__What this task involves__: An exact transcription is needed of the lines below from the one with "Used 2020 Nissan Sentra SV image 29" through the one with "Amazing Apartment in", with no other lines and no pictures.

☆ ☆ ☆

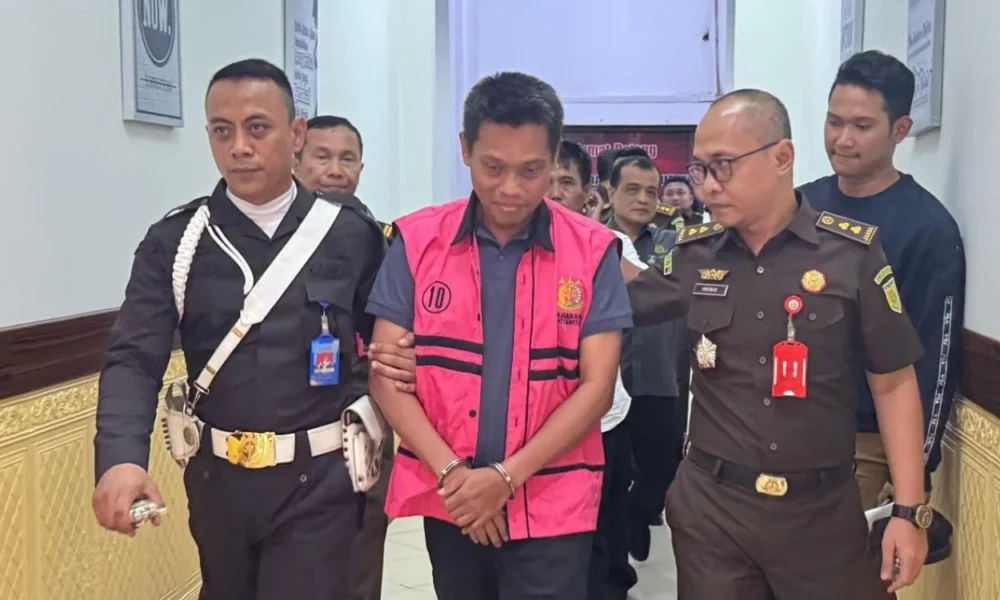 Kejaksaan tinggi tahan tersangka kasus korupsi sampah tangsel senilai rp75,9 miliar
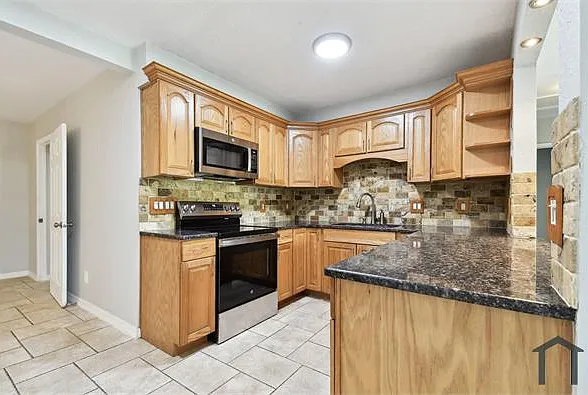 4 bed, 2488 sqft, $2,500 — Photo 2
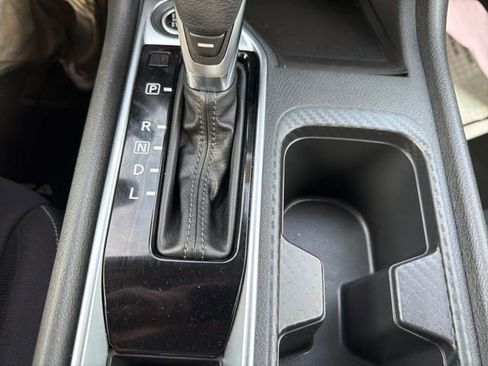 Used 2020 Nissan Sentra SV image 29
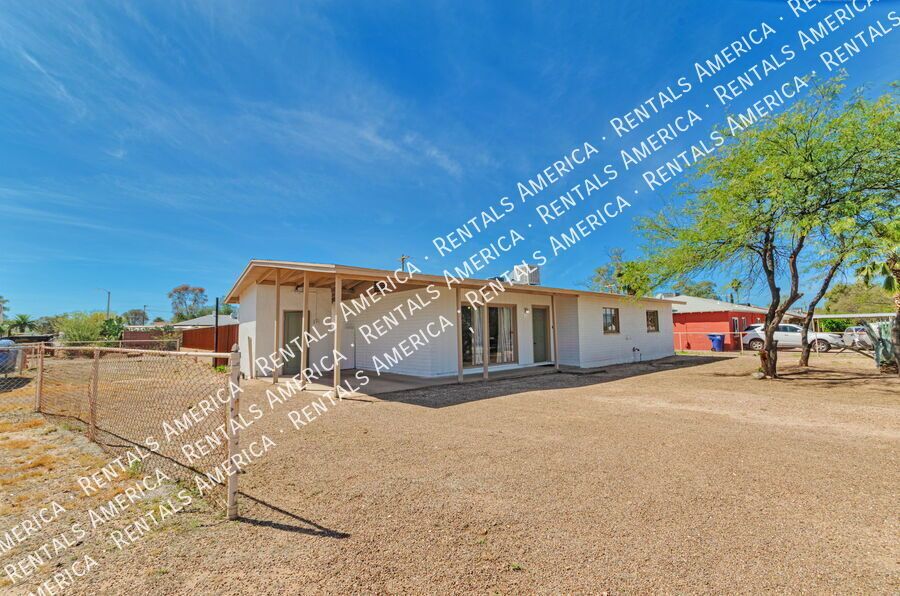 Beautiful 3BR/2BA w/ huge yard & garden property image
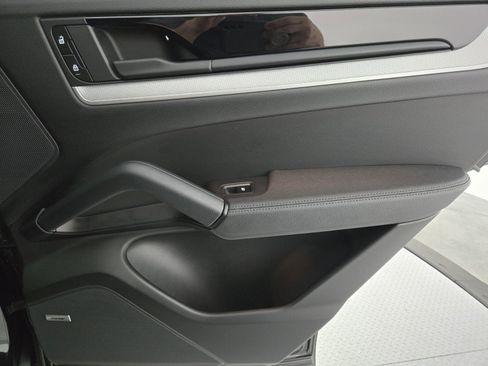 Used 2025 Porsche Cayenne Coupe image 20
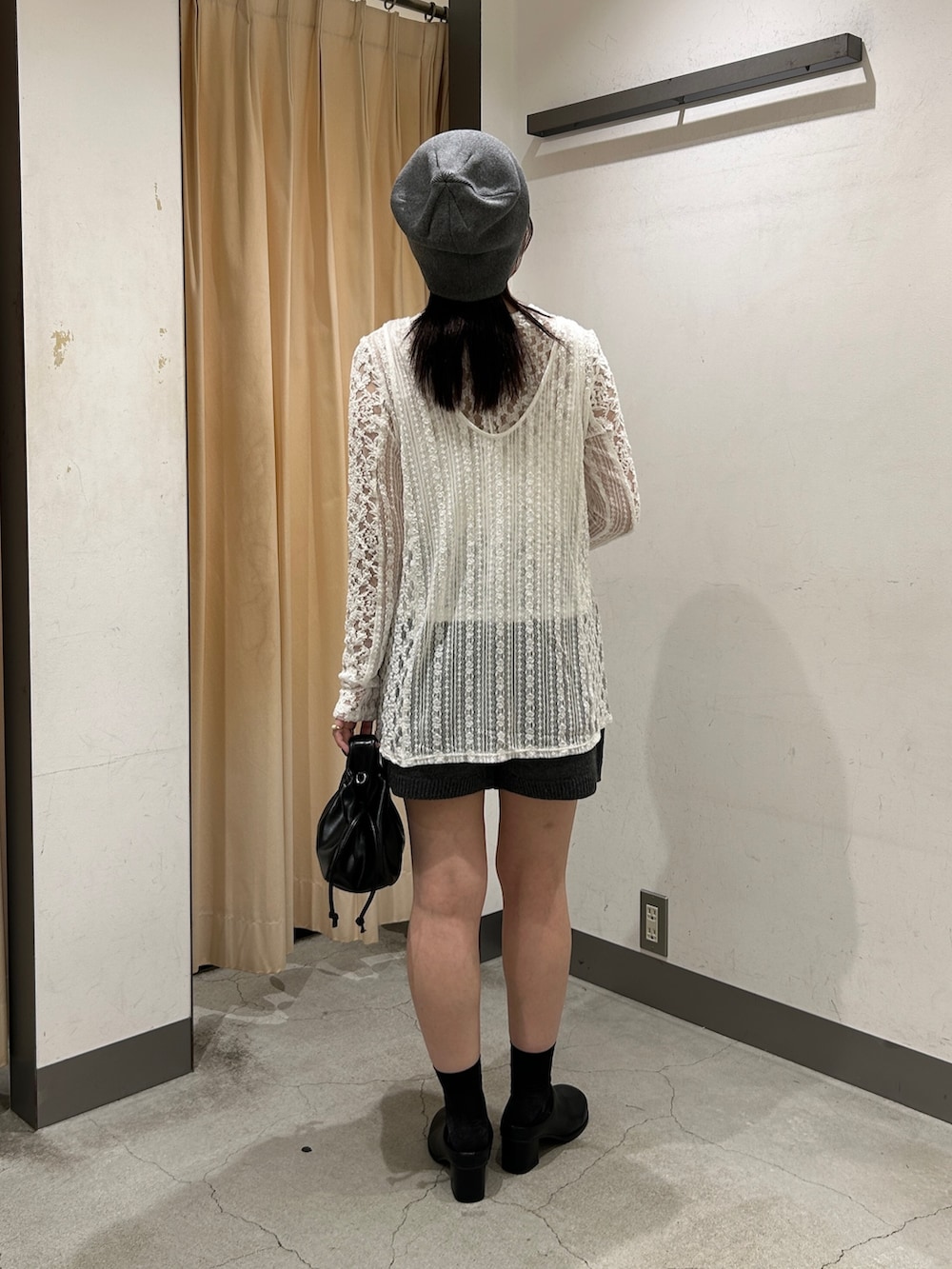 ホワイト系のカーディガン/ボレロ、ブラック系のサンダル、ブラック系のハンドバッグを着用したレディースの夏コーディネートの3枚目の写真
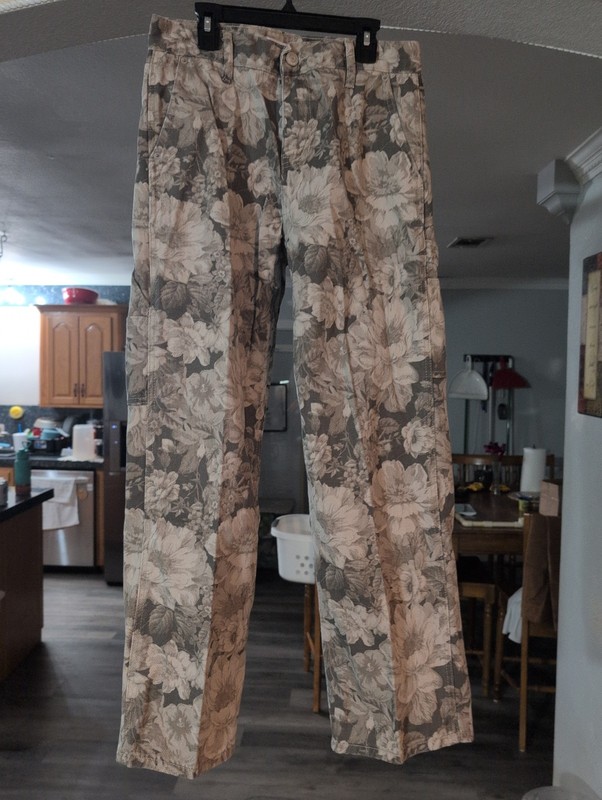 Pacsun Floral Carpenter Pants Baggie Size 20x38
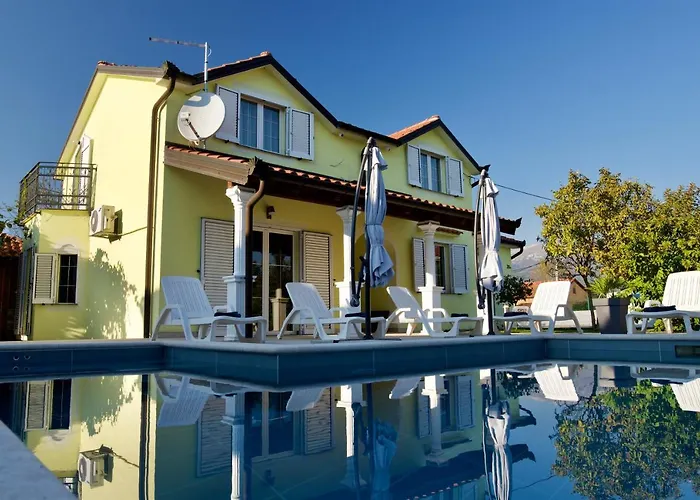 Relax House Nizic ヴィラ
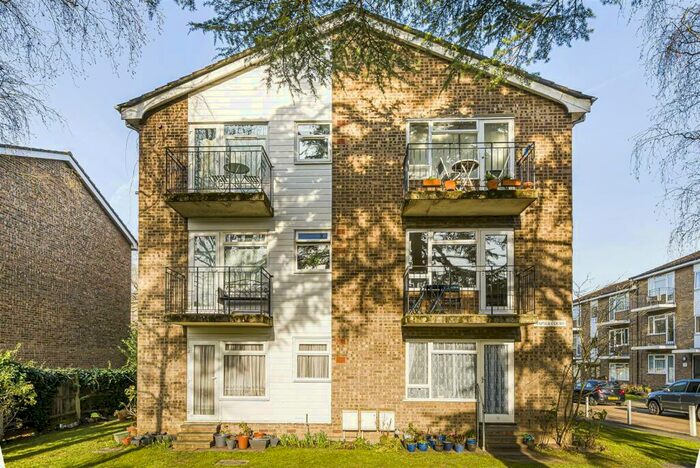 1 Bedroom Apartment To Rent In Lovelace Gardens, Surbiton, KT6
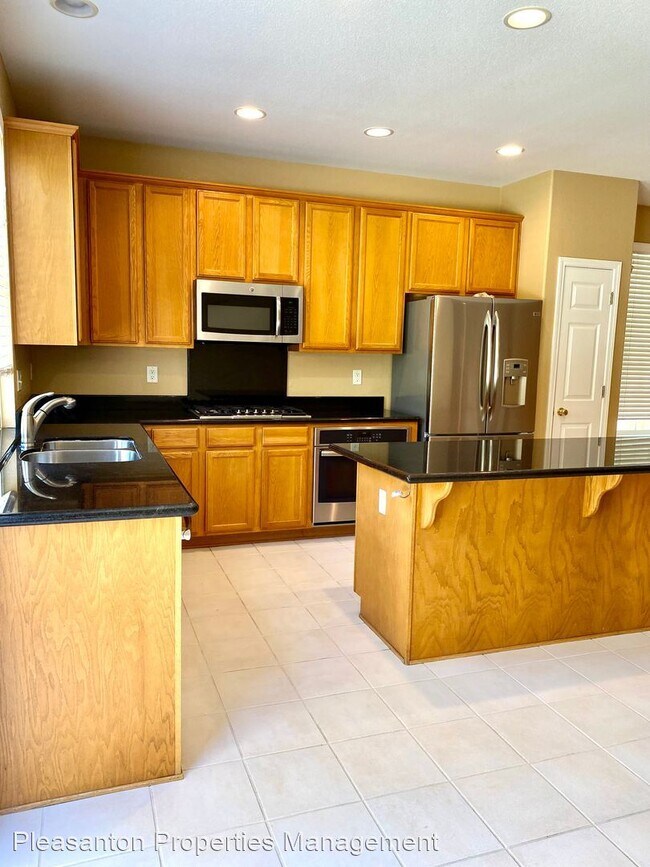 Building Photo - 3 br, 2 bath House - 20 Nerine Court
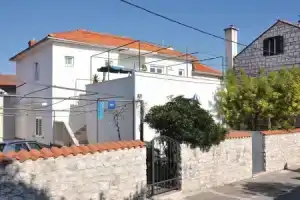 Amazing Apartment in Supetar With 3 Bedrooms and Wifi, Супетар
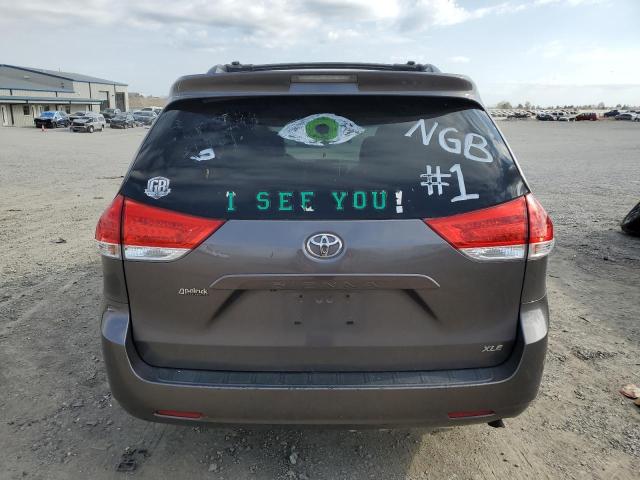 Photo 6 from auction – 2011 TOYOTA SIENNA XLE with VIN 5TDYK3DC4BS118376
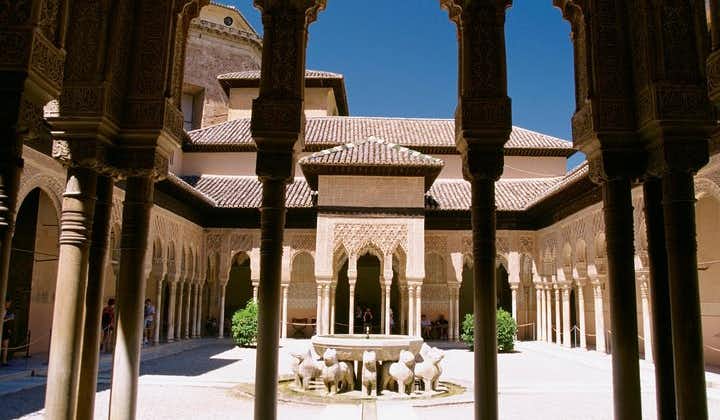 Billet coupe-file : Excursion d’une demi-journée à l’Alhambra et aux jardins du Généralife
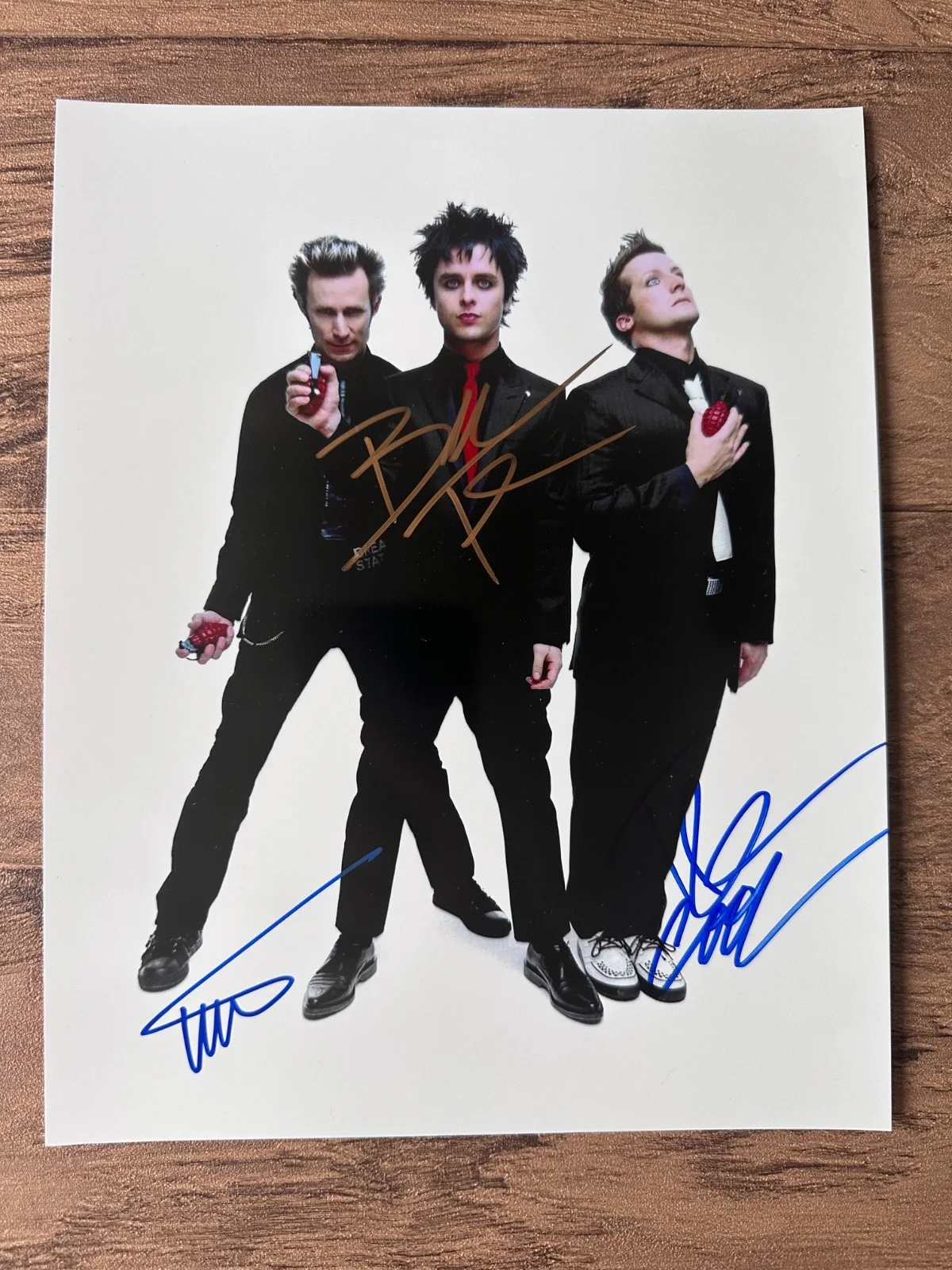 Billie Joe Armstrong, Tré Cool, Mike Dirnt — Green Day – Signed 8×10 Movie Photo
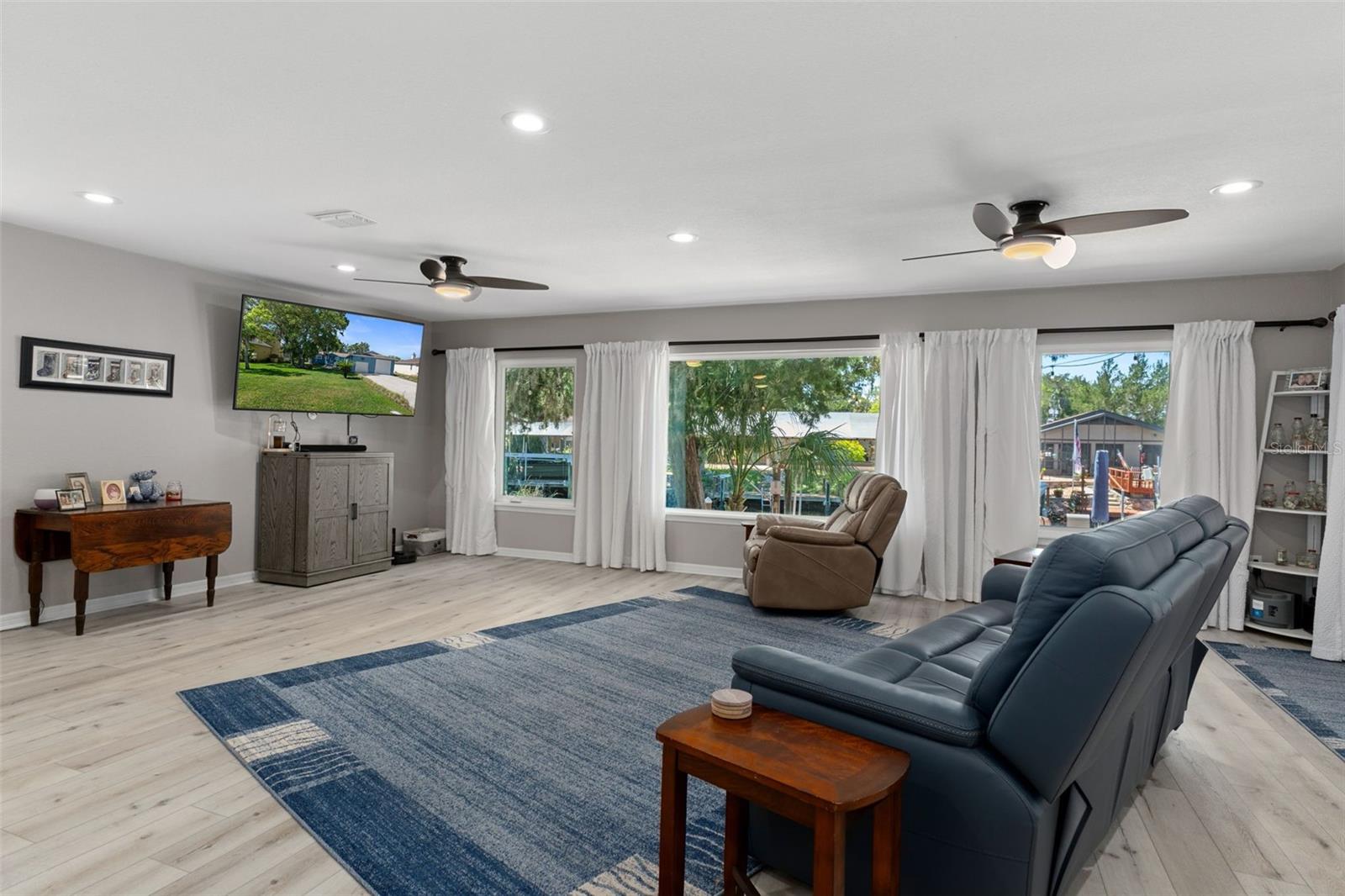 Image 10 of 56 For 11430 Waterway Drive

☆ ☆ ☆

__Task solution__:
 Used 2020 Nissan Sentra SV image 29
 Beautiful 3BR/2BA w/ huge yard & garden property image
 Used 2025 Porsche Cayenne Coupe image 20
 ホワイト系のカーディガン/ボレロ、ブラック系のサンダル、ブラック系のハンドバッグを着用したレディースの夏コーディネートの3枚目の写真
 Pacsun Floral Carpenter Pants Baggie Size 20x38
 Relax House Nizic ヴィラ
 1 Bedroom Apartment To Rent In Lovelace Gardens, Surbiton, KT6
 Building Photo - 3 br, 2 bath House - 20 Nerine Court
 Amazing Apartment in Supetar With 3 Bedrooms and Wifi, Супетар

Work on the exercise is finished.